About this task: Starting with the line that has "Courbe du refroidissement" in the records below and stopping after the line that has "Polymers 11 00051 g016", output every line exactly and nothing else; skip pictures.

Available data:
○ ○ ○ ○
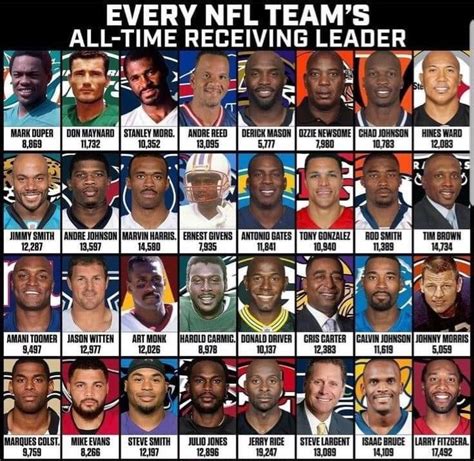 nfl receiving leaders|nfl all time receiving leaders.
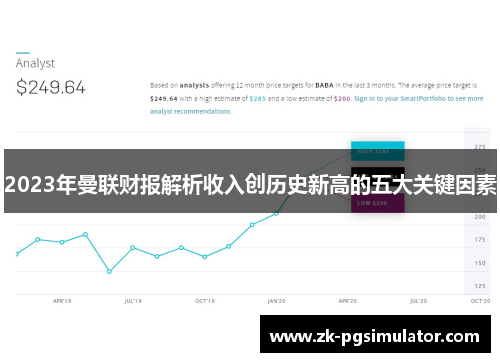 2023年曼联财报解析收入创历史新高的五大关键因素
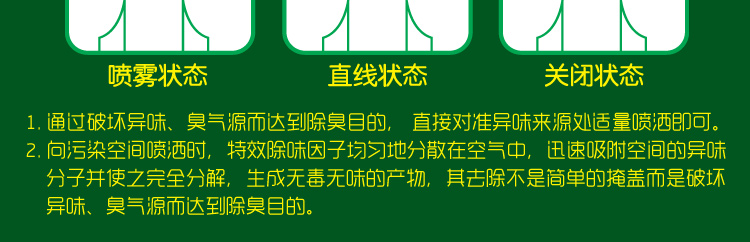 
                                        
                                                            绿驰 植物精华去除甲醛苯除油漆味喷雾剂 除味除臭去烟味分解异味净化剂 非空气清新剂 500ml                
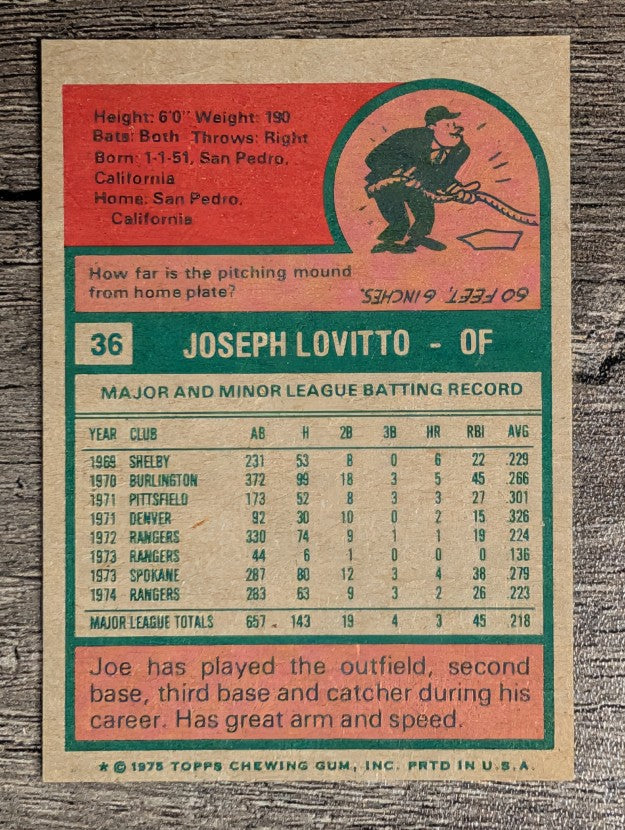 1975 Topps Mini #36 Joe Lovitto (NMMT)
○ ○ ○ ○
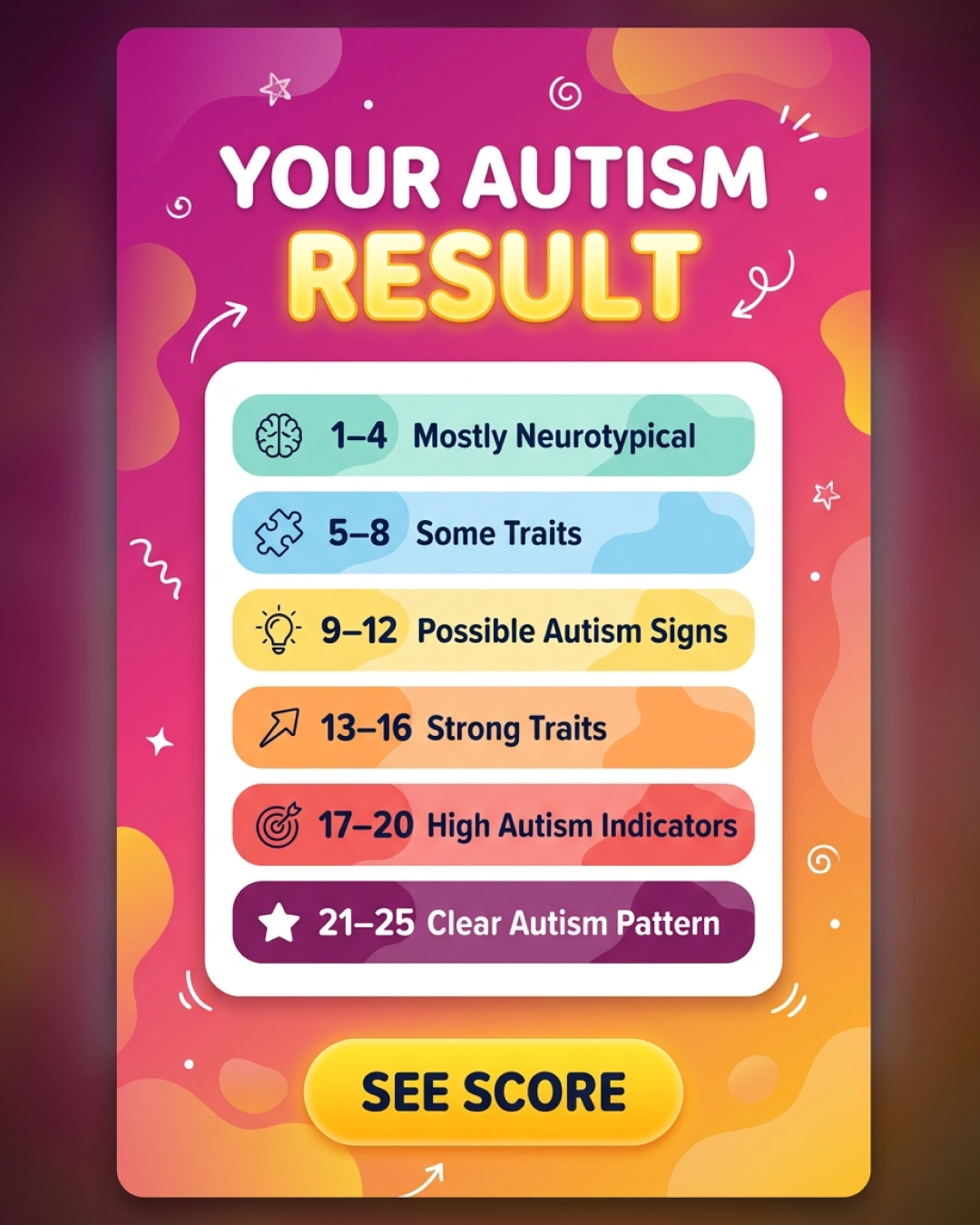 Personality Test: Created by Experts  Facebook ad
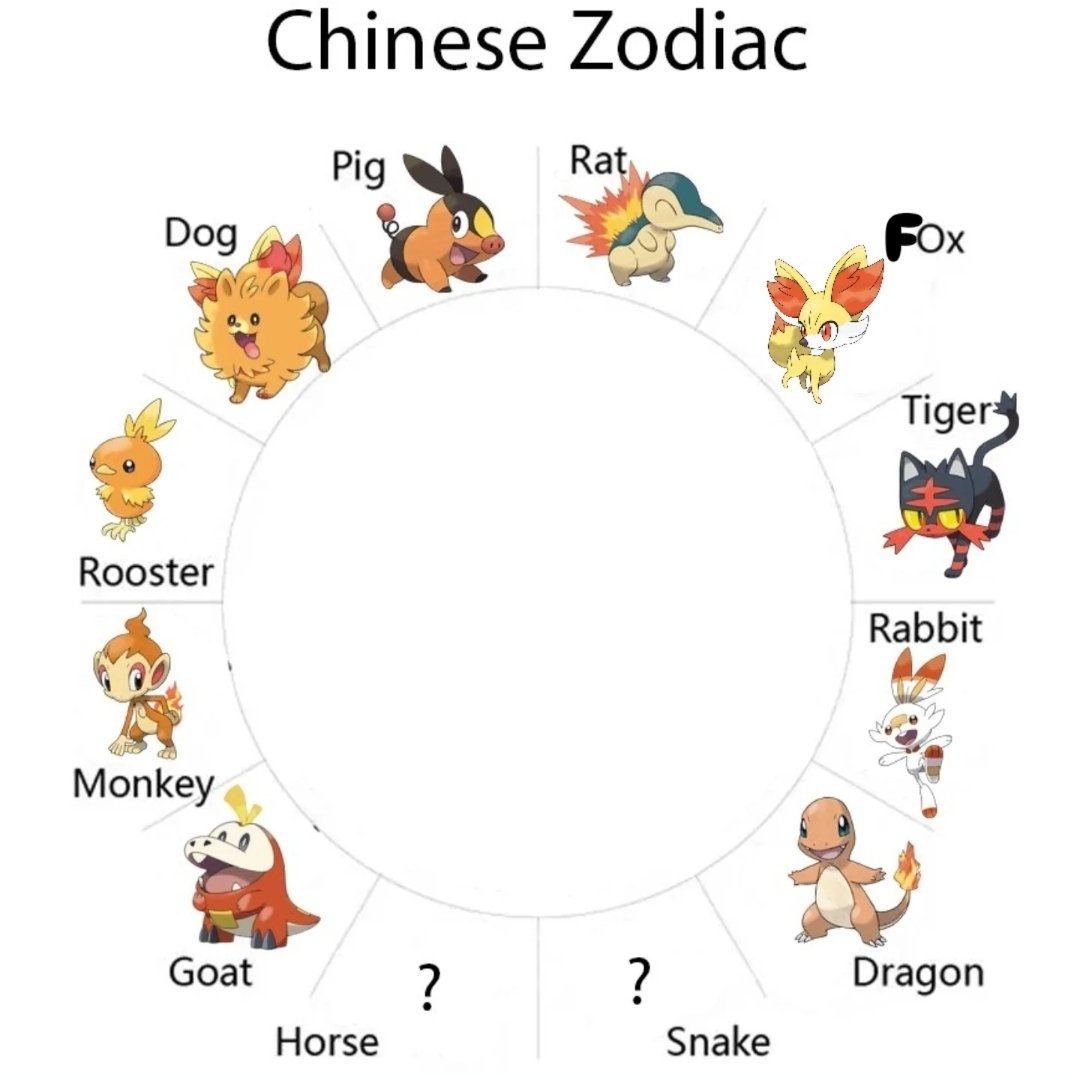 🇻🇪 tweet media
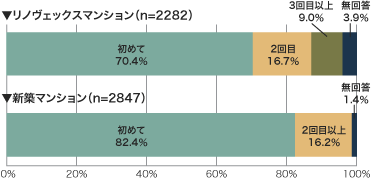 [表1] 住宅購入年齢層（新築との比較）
○ ○ ○ ○
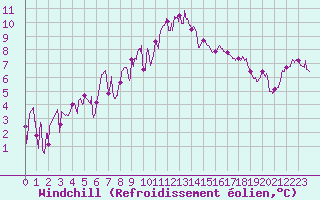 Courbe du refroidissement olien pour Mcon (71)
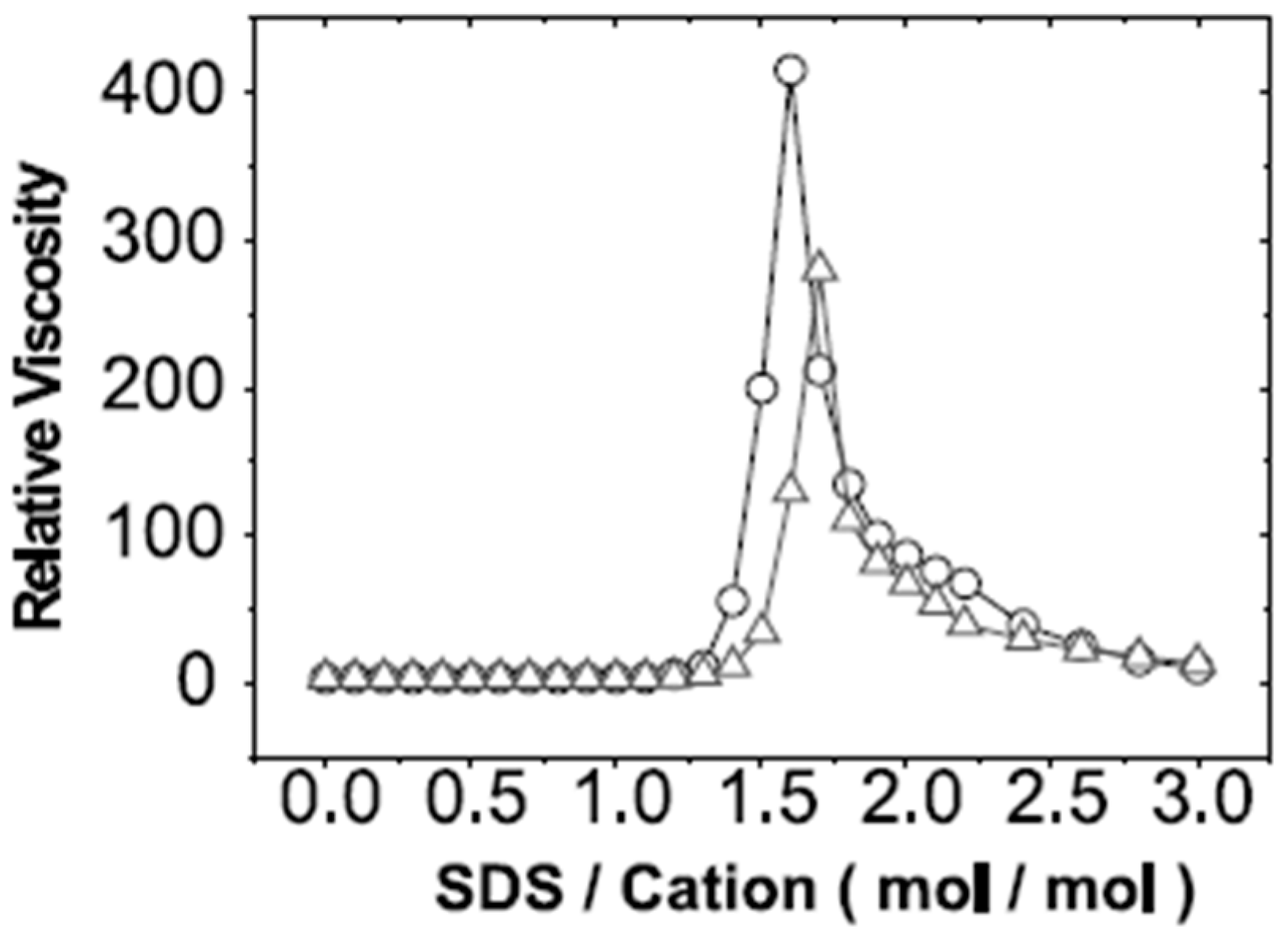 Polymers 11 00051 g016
○ ○ ○ ○
Solution to this task:
 Courbe du refroidissement olien pour Mcon (71)
 Polymers 11 00051 g016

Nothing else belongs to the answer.